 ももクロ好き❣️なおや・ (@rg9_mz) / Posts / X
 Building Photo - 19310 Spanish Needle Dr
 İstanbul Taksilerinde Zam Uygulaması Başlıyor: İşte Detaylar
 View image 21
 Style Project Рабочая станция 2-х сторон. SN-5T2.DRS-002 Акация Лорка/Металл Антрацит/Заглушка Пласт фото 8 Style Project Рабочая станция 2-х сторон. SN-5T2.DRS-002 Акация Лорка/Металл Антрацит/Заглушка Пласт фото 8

...

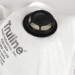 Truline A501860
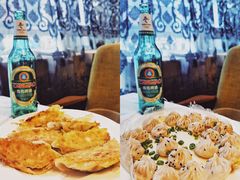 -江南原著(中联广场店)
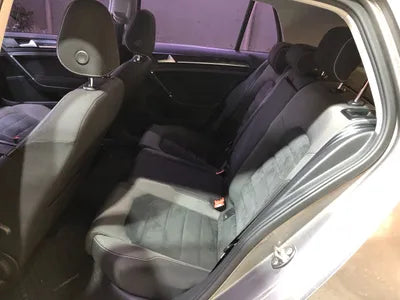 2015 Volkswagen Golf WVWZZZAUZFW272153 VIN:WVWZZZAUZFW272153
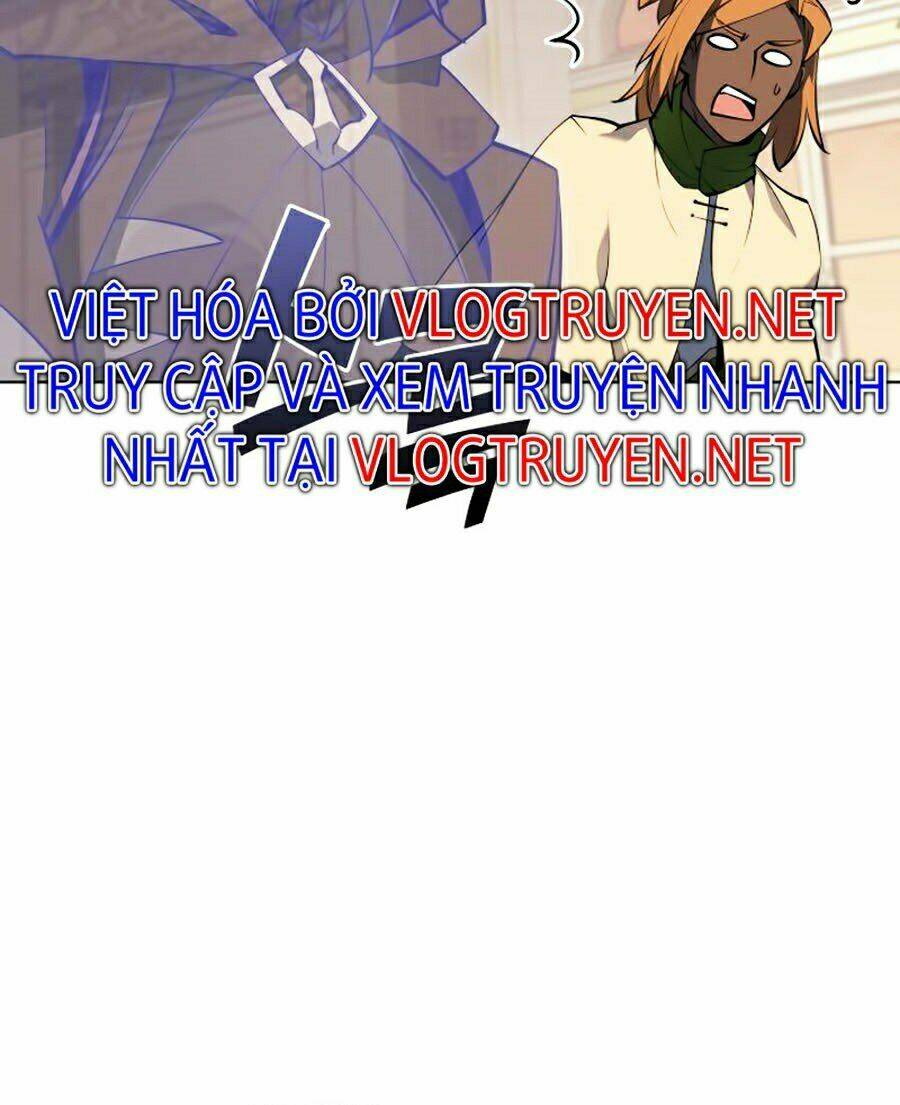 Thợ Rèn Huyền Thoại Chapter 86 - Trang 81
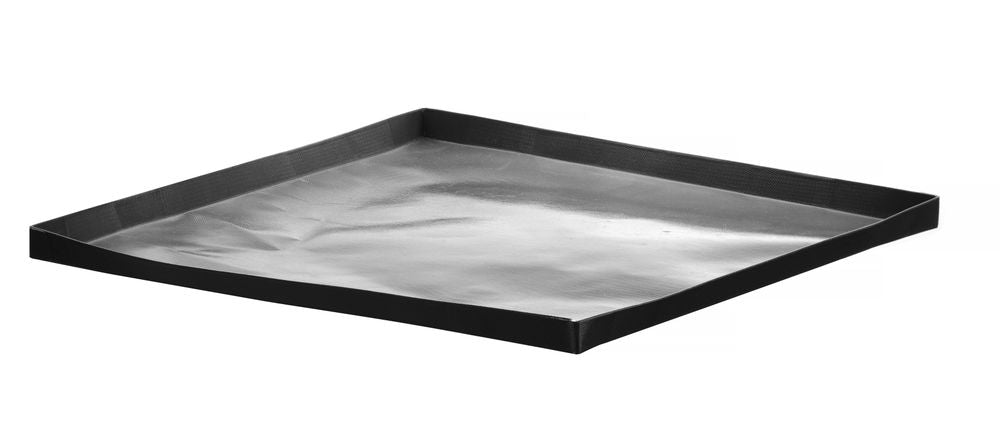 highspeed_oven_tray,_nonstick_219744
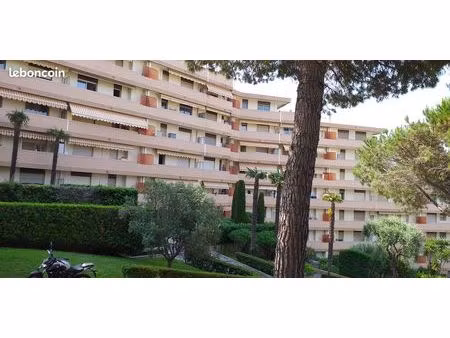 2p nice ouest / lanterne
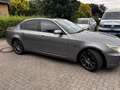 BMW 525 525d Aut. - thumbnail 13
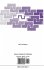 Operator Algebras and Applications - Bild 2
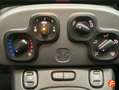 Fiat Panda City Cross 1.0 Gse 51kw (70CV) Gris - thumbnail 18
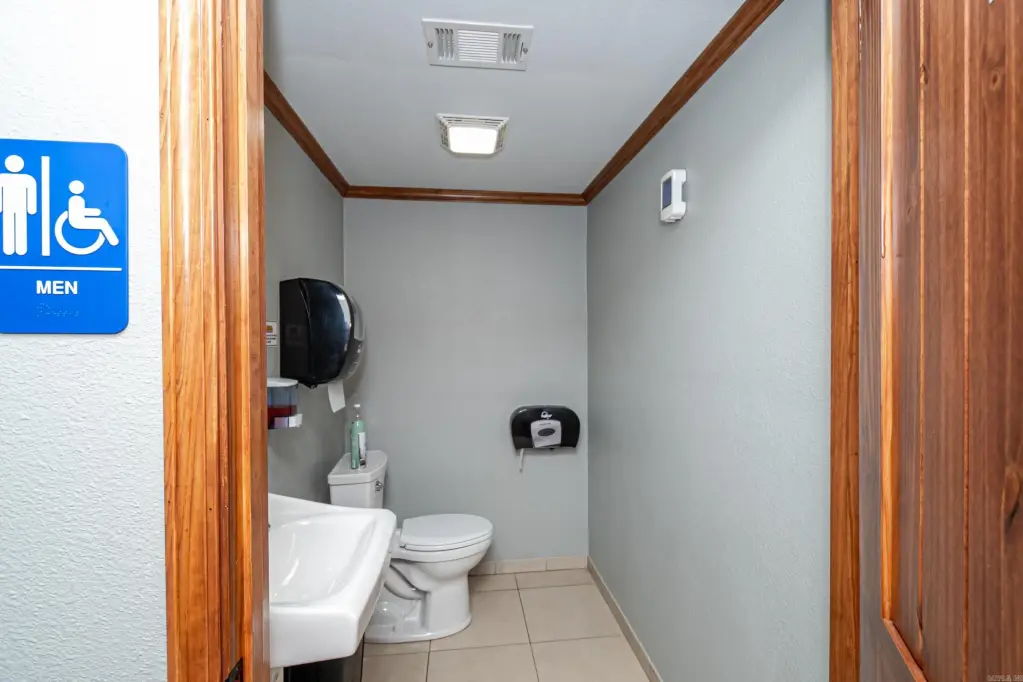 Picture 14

--

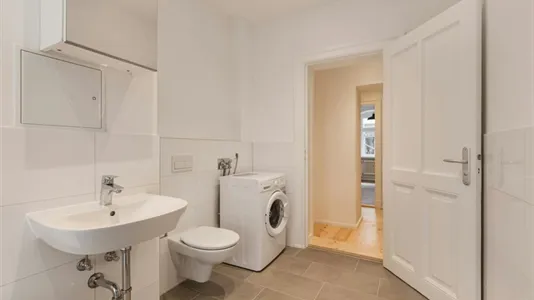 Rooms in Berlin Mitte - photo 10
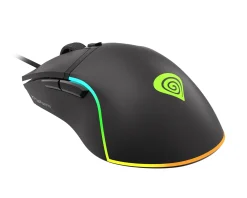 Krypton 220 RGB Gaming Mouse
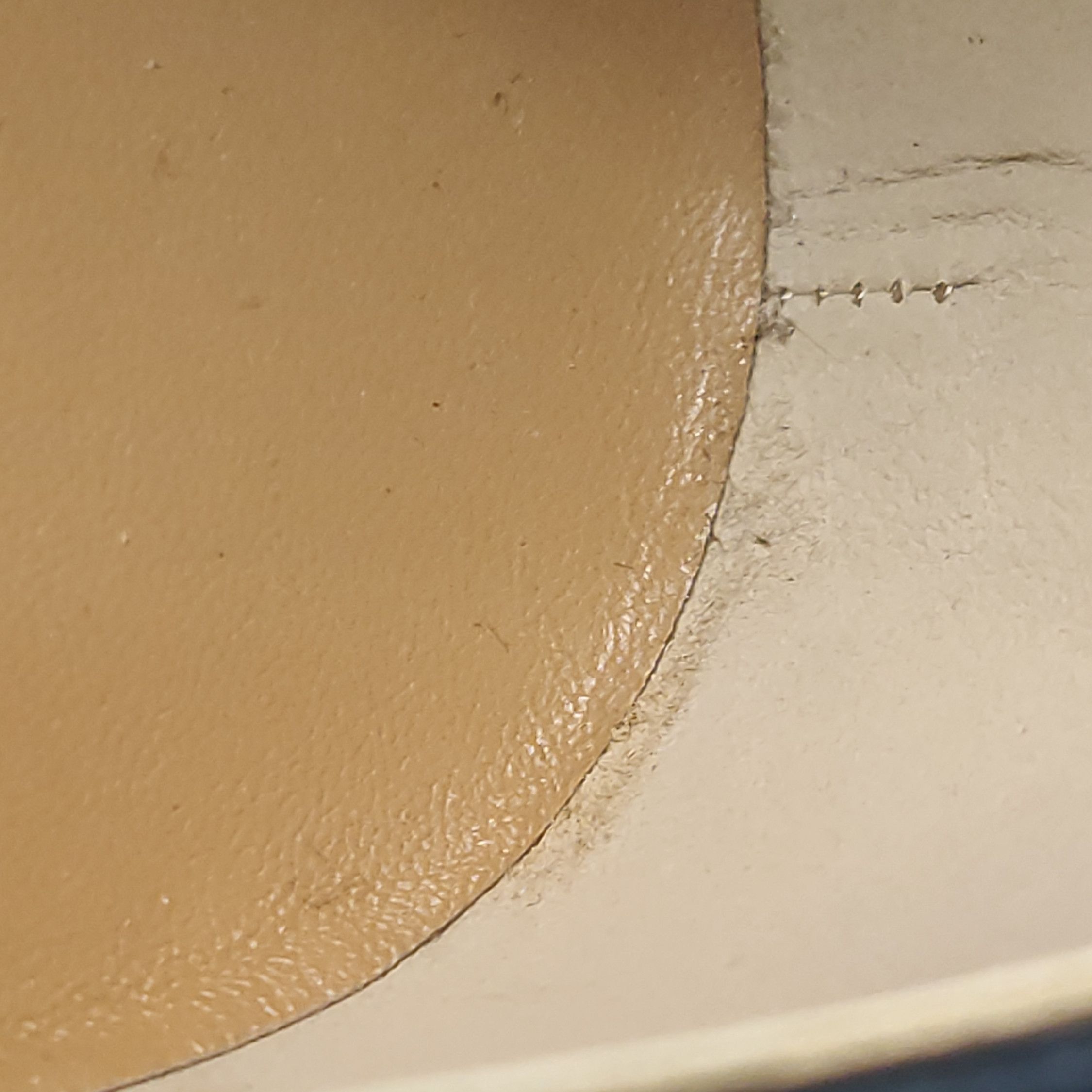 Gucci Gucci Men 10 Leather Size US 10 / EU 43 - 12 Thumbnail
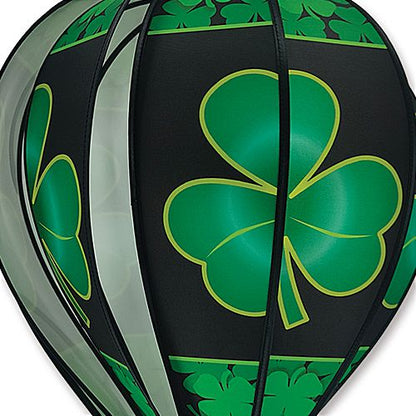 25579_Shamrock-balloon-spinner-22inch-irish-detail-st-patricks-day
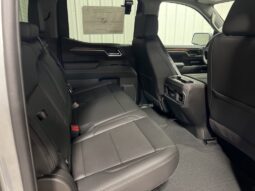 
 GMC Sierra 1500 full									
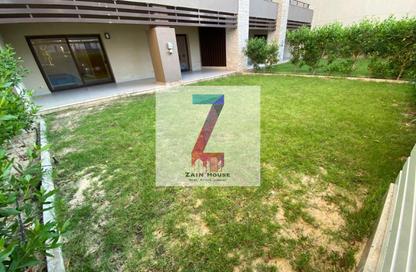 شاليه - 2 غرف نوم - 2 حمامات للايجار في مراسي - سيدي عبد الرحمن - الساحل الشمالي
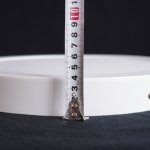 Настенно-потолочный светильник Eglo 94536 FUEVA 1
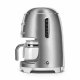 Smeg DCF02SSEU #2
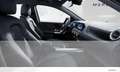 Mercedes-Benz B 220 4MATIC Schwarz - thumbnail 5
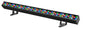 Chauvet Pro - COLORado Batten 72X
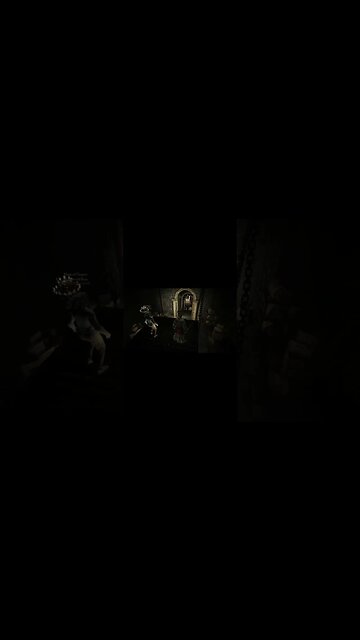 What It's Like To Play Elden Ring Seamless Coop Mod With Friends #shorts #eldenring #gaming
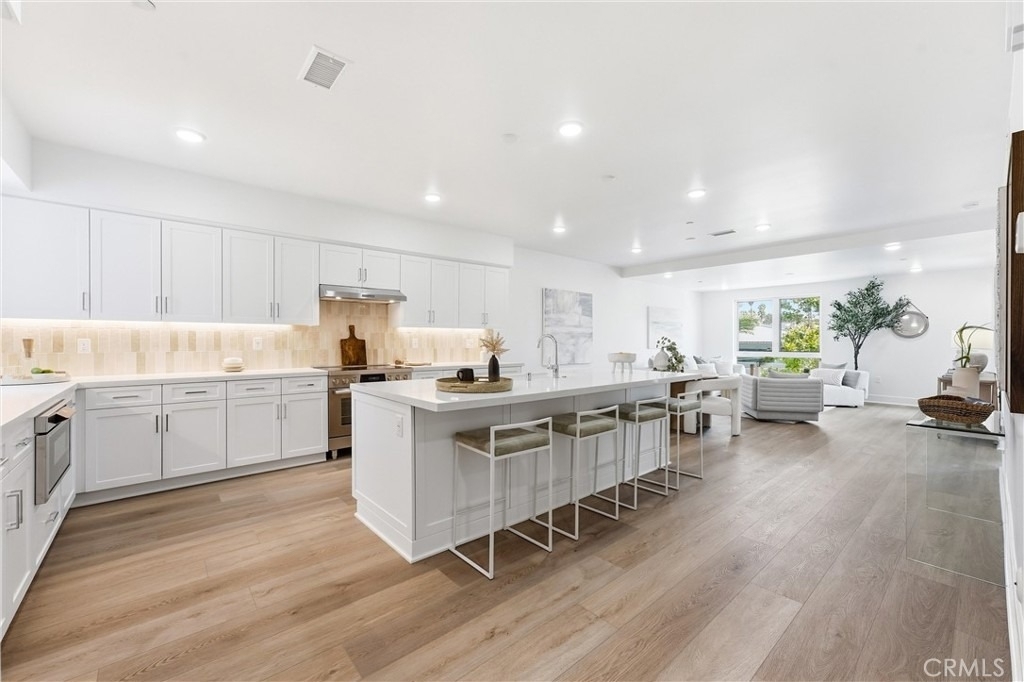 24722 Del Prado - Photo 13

• INSTRUCTIONS FOR THE TASK:
In the listing above, find the line holding "Rooms in Berlin Mitte - photo 10" and the line holding "Chauvet Pro - COLORado Batten 72X". Reproduce those two lines and all between them exactly, leaving out pictures.

• ANSWER SECTION:
 Rooms in Berlin Mitte - photo 10
 Krypton 220 RGB Gaming Mouse
 Gucci Gucci Men 10 Leather Size US 10 / EU 43 - 12 Thumbnail
 25579_Shamrock-balloon-spinner-22inch-irish-detail-st-patricks-day
 GMC Sierra 1500 full									
 شاليه - 2 غرف نوم - 2 حمامات للايجار في مراسي - سيدي عبد الرحمن - الساحل الشمالي
 Настенно-потолочный светильник Eglo 94536 FUEVA 1
 Smeg DCF02SSEU #2
 Mercedes-Benz B 220 4MATIC Schwarz - thumbnail 5
 Chauvet Pro - COLORado Batten 72X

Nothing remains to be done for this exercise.